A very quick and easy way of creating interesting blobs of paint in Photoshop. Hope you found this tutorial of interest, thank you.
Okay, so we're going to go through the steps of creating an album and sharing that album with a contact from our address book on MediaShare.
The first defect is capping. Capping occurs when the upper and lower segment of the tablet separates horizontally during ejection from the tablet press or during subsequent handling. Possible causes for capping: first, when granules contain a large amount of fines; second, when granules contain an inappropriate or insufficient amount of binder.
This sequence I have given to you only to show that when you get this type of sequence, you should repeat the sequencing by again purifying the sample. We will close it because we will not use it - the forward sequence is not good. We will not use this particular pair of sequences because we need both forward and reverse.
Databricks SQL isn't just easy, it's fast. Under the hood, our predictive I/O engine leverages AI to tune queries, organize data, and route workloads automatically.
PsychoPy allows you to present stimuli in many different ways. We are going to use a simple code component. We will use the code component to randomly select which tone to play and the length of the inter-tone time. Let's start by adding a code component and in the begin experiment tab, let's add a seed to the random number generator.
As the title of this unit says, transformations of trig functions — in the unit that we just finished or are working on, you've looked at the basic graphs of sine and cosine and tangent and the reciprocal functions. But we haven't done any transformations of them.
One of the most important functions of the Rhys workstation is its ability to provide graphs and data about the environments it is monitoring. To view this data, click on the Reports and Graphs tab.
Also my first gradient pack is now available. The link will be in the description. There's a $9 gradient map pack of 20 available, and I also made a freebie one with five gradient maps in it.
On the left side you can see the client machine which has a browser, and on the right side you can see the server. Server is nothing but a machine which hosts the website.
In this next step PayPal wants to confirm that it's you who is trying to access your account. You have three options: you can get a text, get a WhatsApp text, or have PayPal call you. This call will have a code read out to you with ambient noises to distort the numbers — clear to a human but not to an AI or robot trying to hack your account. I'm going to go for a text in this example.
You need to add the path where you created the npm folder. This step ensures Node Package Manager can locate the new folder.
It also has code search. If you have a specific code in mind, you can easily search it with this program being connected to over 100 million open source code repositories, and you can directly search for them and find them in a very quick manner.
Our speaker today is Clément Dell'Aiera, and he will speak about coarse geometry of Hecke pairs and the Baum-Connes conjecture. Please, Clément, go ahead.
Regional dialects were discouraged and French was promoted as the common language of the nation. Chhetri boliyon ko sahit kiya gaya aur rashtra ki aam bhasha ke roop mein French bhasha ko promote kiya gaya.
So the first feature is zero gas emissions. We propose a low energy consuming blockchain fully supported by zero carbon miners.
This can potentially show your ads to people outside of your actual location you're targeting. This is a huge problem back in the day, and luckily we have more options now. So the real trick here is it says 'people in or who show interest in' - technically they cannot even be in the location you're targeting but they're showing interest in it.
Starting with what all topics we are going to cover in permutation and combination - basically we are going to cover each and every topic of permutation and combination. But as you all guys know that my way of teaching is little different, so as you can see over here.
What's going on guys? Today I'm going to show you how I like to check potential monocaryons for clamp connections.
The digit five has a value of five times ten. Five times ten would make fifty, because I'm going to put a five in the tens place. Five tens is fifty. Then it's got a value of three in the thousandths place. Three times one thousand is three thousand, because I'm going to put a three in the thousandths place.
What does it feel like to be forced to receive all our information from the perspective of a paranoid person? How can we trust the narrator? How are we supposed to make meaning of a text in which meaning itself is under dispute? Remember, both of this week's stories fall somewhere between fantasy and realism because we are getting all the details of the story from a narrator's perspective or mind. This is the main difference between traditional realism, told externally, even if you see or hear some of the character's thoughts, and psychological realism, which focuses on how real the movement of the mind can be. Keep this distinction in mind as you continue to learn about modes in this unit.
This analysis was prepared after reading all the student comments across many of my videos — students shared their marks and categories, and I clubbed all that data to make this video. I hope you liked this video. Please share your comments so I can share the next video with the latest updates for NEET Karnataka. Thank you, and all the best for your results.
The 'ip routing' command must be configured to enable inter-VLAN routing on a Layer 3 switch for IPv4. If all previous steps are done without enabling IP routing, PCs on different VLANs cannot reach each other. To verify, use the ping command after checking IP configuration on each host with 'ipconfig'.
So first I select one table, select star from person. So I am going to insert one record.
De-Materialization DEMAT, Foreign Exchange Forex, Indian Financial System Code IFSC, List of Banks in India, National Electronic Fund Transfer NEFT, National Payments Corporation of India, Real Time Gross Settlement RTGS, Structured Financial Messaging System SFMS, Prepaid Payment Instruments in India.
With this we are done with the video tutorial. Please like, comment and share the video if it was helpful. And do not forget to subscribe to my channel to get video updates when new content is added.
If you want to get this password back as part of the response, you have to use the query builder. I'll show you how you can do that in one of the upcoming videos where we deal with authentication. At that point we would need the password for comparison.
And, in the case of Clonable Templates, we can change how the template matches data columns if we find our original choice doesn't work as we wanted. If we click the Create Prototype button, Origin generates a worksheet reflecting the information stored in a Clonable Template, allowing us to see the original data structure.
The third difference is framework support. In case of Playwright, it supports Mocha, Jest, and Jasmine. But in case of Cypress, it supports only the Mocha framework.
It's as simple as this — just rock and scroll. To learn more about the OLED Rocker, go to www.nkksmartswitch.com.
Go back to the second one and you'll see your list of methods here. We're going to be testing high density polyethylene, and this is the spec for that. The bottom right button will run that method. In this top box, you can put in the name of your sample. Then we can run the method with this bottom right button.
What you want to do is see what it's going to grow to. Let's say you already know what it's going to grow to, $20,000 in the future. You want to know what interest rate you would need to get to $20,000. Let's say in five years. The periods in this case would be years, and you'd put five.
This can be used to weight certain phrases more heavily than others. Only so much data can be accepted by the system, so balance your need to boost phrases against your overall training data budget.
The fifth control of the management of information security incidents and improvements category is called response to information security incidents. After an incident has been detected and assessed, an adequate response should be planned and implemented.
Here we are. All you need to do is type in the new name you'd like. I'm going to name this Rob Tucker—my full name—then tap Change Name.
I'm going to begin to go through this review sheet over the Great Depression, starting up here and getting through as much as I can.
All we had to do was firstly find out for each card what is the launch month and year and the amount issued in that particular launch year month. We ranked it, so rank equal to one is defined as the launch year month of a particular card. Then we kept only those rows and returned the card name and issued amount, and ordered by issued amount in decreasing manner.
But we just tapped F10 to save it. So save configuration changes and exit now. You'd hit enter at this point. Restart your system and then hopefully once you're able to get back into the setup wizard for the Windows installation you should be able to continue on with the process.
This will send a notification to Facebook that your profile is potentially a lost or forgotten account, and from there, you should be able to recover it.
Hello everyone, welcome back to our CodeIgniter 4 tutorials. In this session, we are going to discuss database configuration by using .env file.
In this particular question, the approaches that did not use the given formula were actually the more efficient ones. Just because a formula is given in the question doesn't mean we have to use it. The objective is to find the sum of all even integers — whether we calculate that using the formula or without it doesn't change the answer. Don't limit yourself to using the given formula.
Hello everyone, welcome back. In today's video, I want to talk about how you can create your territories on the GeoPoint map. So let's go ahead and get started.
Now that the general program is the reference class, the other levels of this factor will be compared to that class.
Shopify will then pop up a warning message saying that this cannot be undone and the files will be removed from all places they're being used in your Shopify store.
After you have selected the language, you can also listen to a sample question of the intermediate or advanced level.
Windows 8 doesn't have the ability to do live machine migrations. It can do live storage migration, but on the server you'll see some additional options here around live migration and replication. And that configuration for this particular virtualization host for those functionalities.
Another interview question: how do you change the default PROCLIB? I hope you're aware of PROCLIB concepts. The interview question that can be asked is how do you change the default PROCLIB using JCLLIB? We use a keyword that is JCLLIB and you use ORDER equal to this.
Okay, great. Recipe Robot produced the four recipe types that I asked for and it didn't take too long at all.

·····

-- Exercise requirements --
The response should hold exactly the lines starting at the line with "This sequence I" and ending at the line with "In this next", and no other line of the material above.

-- Result --
This sequence I have given to you only to show that when you get this type of sequence, you should repeat the sequencing by again purifying the sample. We will close it because we will not use it - the forward sequence is not good. We will not use this particular pair of sequences because we need both forward and reverse.
Databricks SQL isn't just easy, it's fast. Under the hood, our predictive I/O engine leverages AI to tune queries, organize data, and route workloads automatically.
PsychoPy allows you to present stimuli in many different ways. We are going to use a simple code component. We will use the code component to randomly select which tone to play and the length of the inter-tone time. Let's start by adding a code component and in the begin experiment tab, let's add a seed to the random number generator.
As the title of this unit says, transformations of trig functions — in the unit that we just finished or are working on, you've looked at the basic graphs of sine and cosine and tangent and the reciprocal functions. But we haven't done any transformations of them.
One of the most important functions of the Rhys workstation is its ability to provide graphs and data about the environments it is monitoring. To view this data, click on the Reports and Graphs tab.
Also my first gradient pack is now available. The link will be in the description. There's a $9 gradient map pack of 20 available, and I also made a freebie one with five gradient maps in it.
On the left side you can see the client machine which has a browser, and on the right side you can see the server. Server is nothing but a machine which hosts the website.
In this next step PayPal wants to confirm that it's you who is trying to access your account. You have three options: you can get a text, get a WhatsApp text, or have PayPal call you. This call will have a code read out to you with ambient noises to distort the numbers — clear to a human but not to an AI or robot trying to hack your account. I'm going to go for a text in this example.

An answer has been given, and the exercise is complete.